O debate sobre o jornalismo e a ética na era digital organizado pelo Poynter trouxe para o primeiro plano mais incertezas do que o esperado, o que para muitos, como o jornalista e pesquisador Craig Silverman (editor da coluna "Regret the Error", na página do Poynter), foi um fato positivo.

O fato das posições contra e a favor terem perdido espaço para a opção "depende" mostra até que ponto as mudanças provocadas pela internet estão afetando alguns valores centrais ao jornalismo. No momento em que a imprensa  sofre o impacto da avalancha informativa, ficou cada vez mais difícil separar o joio do trigo, e consequentemente mais questionável a chamada verdade dos fatos.

Isso porque o público foi acostumado ao longo de décadas a esperar que os jornalistas lhe trouxessem diariamente uma versão dicotômica da realidade, sem  nuances ou incertezas. Como não havia muita diversidade de fontes informativas, tudo o que a imprensa dizia não enfrentava tanto criticismo como hoje. O fato de serem considerados uma espécie de oráculo da verdade  colocou os jornalistas numa posição especial (os homens que sabem das coisas), mas criou também uma cobrança quase impossível de ser atendida.

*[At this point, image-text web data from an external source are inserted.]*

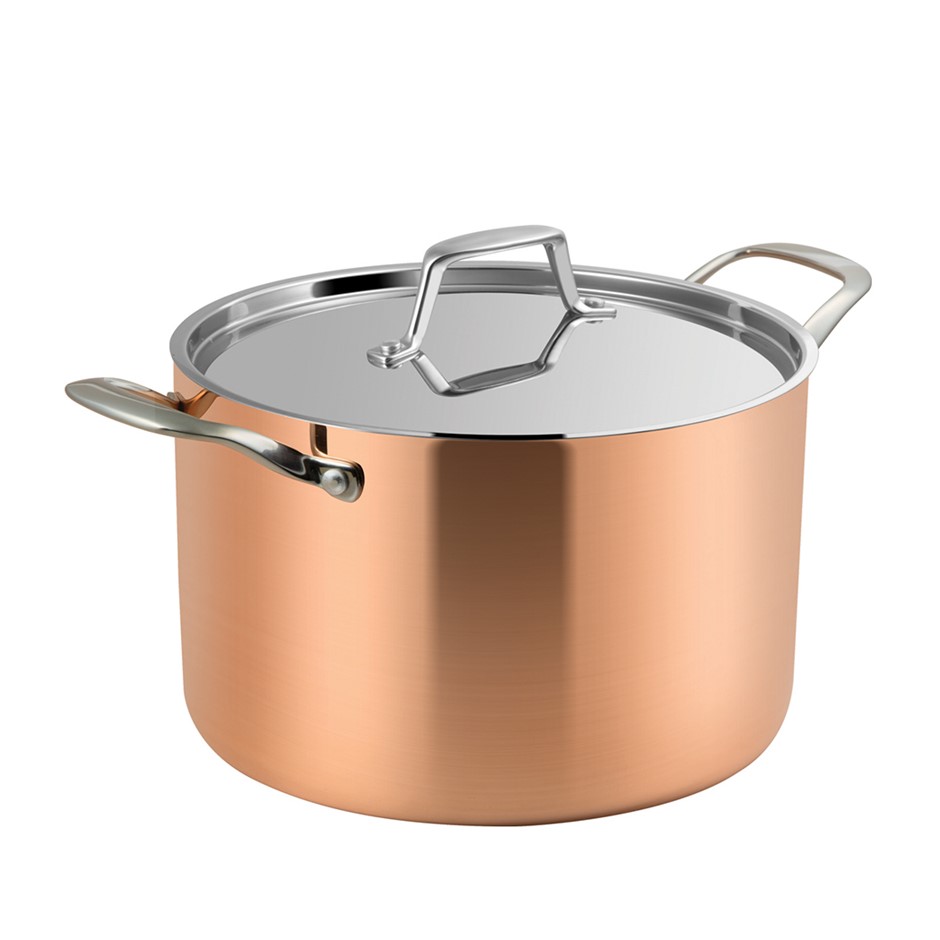 Lassani Tri-Ply Copper 24cm Casserole St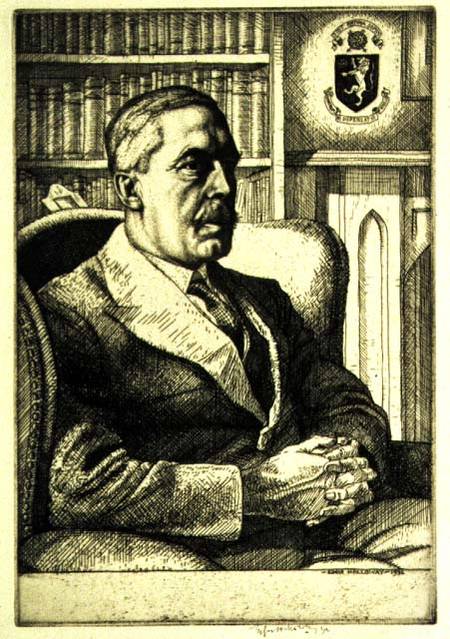 Portrait of Sir Cyril Norwood (1875-1956) 1932 (etching) from Charles Edward Holloway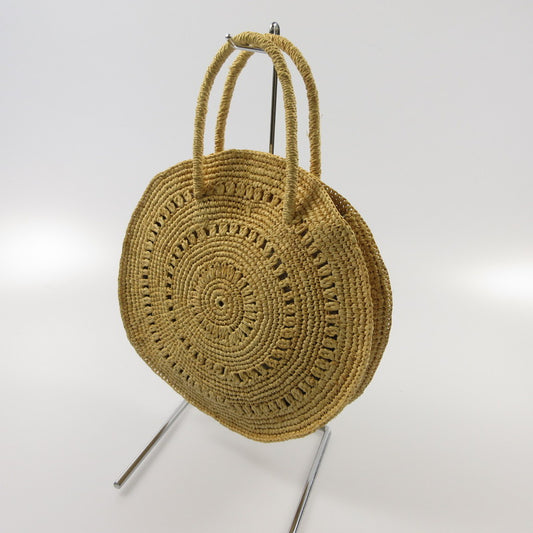 【中古】IENA | イエナ サークルカゴバッグ ラフィア その他バッグ ベージュ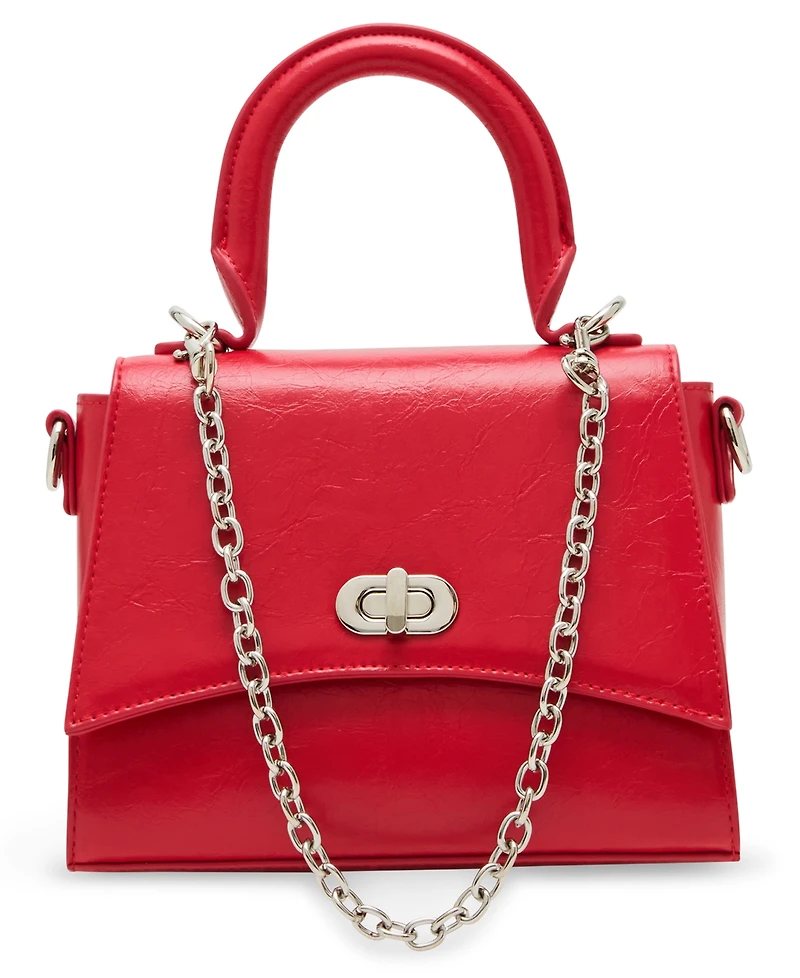 Madden Girl Trissac Crinkle Turn Lock Satchel Bag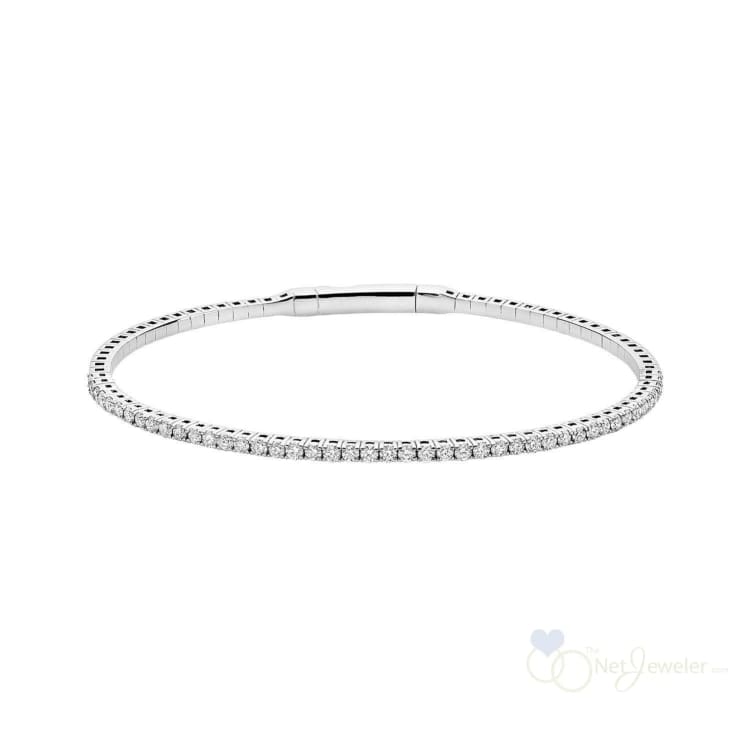 Diamond Bangle Flex Bracelet-RNB Jewellery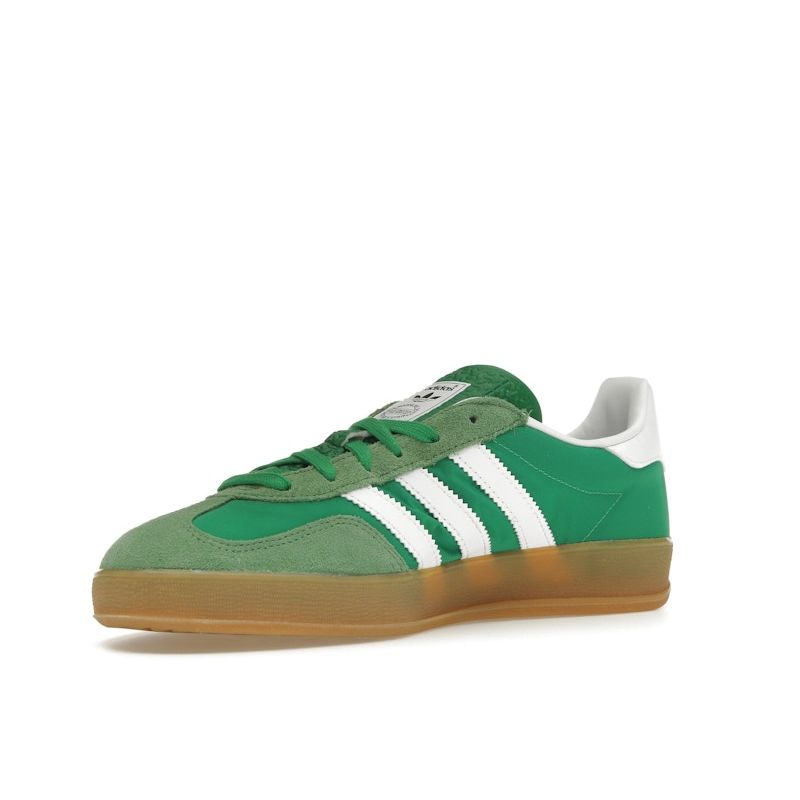 Adidas Gazelle Indoor Hazy Green Unisex Sneakers Cloud-White IE6605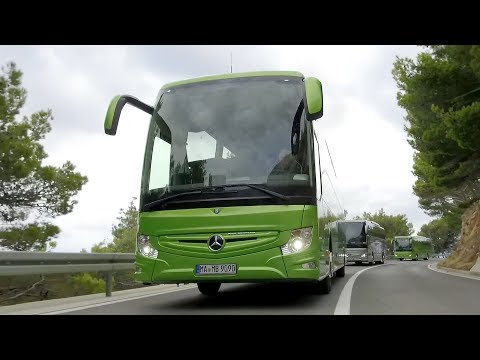 Mercedes-Benz Tourismo - Driving, Interior & Exterior Footage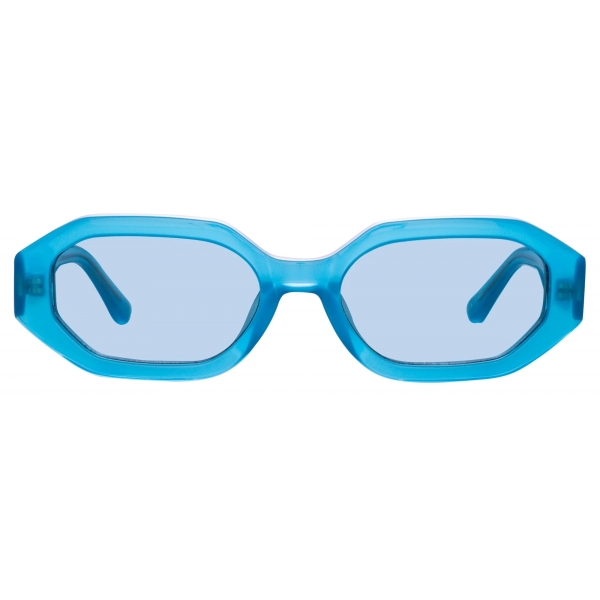 The Attico - Irene Angular Sunglasses in Turquoise - Sunglasses - Official - The Attico Eyewear by Linda Farrow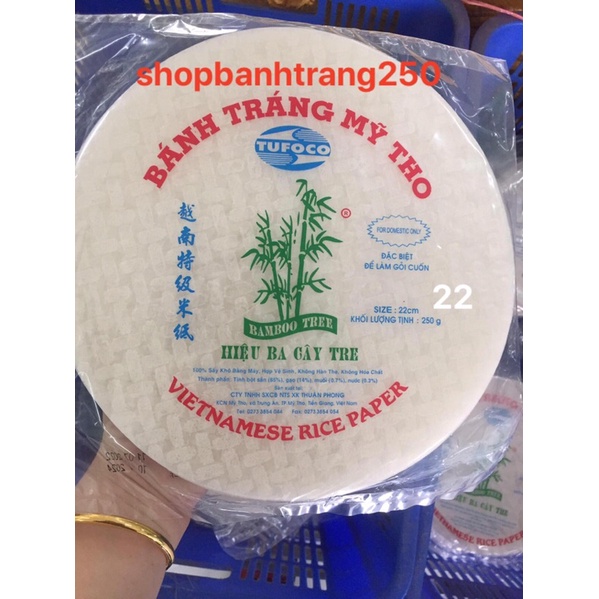 Combo 4 goi Bánh tráng cuốn 3 cây tre 250gr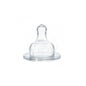 Nuby mamelon de dentition en silicone confort 3 positions 1 pc
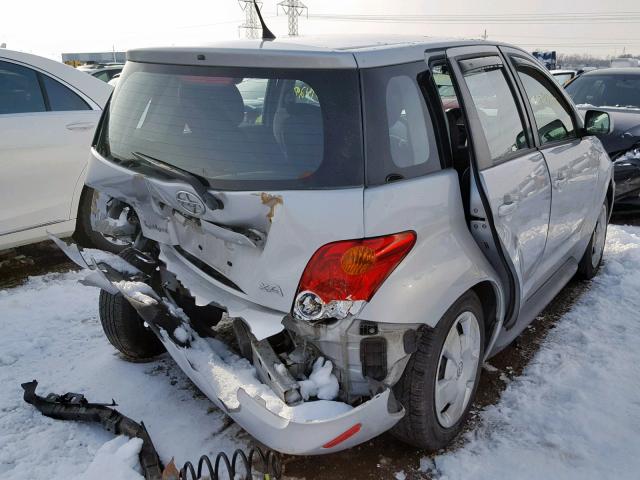 JTKKT624850084474 - 2005 TOYOTA SCION XA SILVER photo 4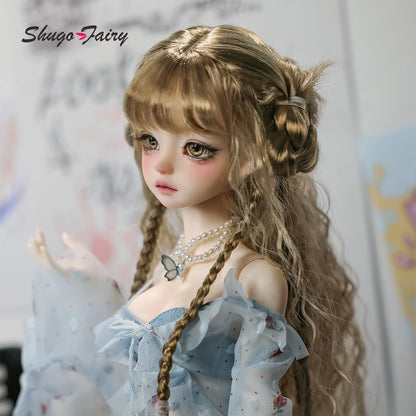 Shugafairy Kikyou D 1/4 BJD Doll – Fullset Street Girl with Big Chest, Summer Carnival Y2K Style Ball-Jointed Fashion Doll Toy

Durante muito tempo os jornalistas encararam o questionamento ético do seu trabalho como o equivalente a uma ofensa pessoal e, em alguns casos, até como uma agressão à categoria profissional. Isto contribuiu para o aumento do número dos desafetos da profissão e, pior do que isso, para consagrar uma falsa dicotomia entre bons e maus.

A avalancha informativa gerada pela internet está ajudando a relativizar a questão da verdade no jornalismo ao — paradoxalmente — consagrar a dúvida. Quase todos os participantes do evento promovido pelo Instituto Poynter concordaram que o jornalista da era digital é um profissional obrigado cada vez mais a conviver com incertezas. 

Os norte-americanos se acostumaram durante 19 anos a só irem para a cama depois de ouvirem Walter Cronkite (que se aposentou em 1981) fechar o telejornal da noite da rede CBS com a icônica frase “And that's the way it is” (em tradução livre, é assim que as coisas são). Dormiam tranquilos convencidos de que sabiam da verdade dos fatos. Hoje, a TV americana virou uma incrível cacofonia noticiosa que gera mais confusão do que convicção.

O que os jornalistas começam a se dar conta é que o custo de serem considerados os donos da verdade tornou-se alto demais e que a realidade atual é muito mais complexa do que o estipulado nas regras formais e informais da profissão. A começar pelo fato de que os conceitos de verdade e erro são hoje objeto de enormes discussões envolvendo desde filósofos e juristas até pessoas comuns.

Até a era da internet, quem determinava o justo ou injusto, o certo ou errado, o verdadeiro ou falso eram as personalidades acima de qualquer suspeita, a igreja e os tribunais. Agora, quem começa a assumir esse papel de juiz da credibilidade e confiabilidade são sistemas eletrônicos, chamados sistemas de reputação, baseados em princípios matemáticos de probabilidade e em estatísticas.

Os sistemas de reputação consagram a relatividade na definição do que é verdadeiro ou falso. Ao levarem em conta uma quantidade enorme de dados e percepções sobre um mesmo fato, os sistemas logram uma contextualização muito mais ampla do que a alcançável por um ser humano, mas nunca chegam a um veredito do tipo certo ou errado. É sempre uma afirmação relativa: tende a ser certo ou tende a ser errado.

Esses sistemas já são largamente usados na internet e podem ser vistos em ação em sites como os de comércio eletrônico, que oferecem uma avaliação de compradores e vendedores. A categorização é expressa em porcentagens e não em sentenças dicotômicas do tipo bom ou mau.

A convivência dos jornalistas com os sistemas de reputação vai mexer com valores muito entranhados na profissão. Não consigo imaginar qual o rumo que tomará a questão, mas pelo menos começamos a entender que não somos oráculos da verdade. Isto cria outra situação inédita, pois o público terá que assumir a busca de sua verdade, tarefa que ainda joga nas costas do jornalista. Os profissionais da imprensa poderão, no máximo, aconselhar.